Entries provided Start Marker

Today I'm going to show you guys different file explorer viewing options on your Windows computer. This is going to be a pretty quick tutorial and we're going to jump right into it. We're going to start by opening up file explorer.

Entries provided End Marker
Entries provided Start Marker

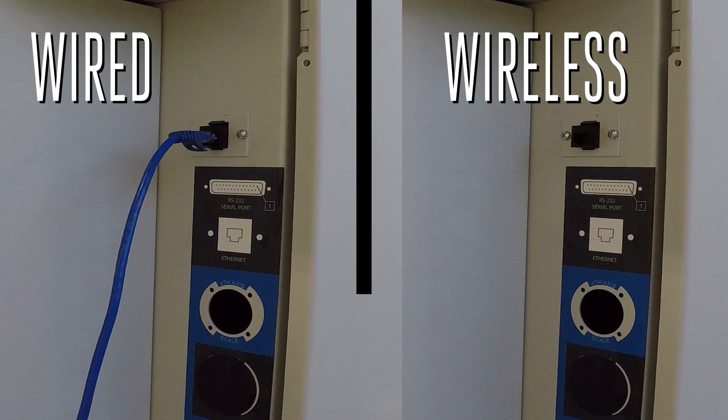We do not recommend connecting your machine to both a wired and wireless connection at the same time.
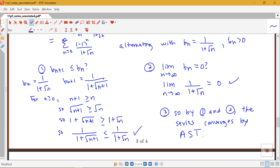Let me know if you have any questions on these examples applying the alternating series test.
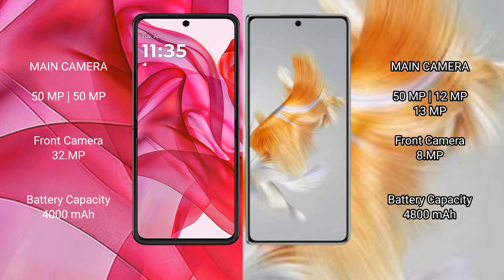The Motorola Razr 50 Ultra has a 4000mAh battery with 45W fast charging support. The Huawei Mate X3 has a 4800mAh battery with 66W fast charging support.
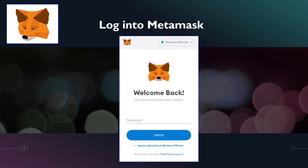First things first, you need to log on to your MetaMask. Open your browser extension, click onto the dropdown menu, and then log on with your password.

Entries provided End Marker

What to produce:
A clean copy is needed of the lines above from the one with "We do not recommend" up to and including the one with "First things first, you". Please set it down exactly, with no pictures.

Expected output:
We do not recommend connecting your machine to both a wired and wireless connection at the same time.
Let me know if you have any questions on these examples applying the alternating series test.
The Motorola Razr 50 Ultra has a 4000mAh battery with 45W fast charging support. The Huawei Mate X3 has a 4800mAh battery with 66W fast charging support.
First things first, you need to log on to your MetaMask. Open your browser extension, click onto the dropdown menu, and then log on with your password.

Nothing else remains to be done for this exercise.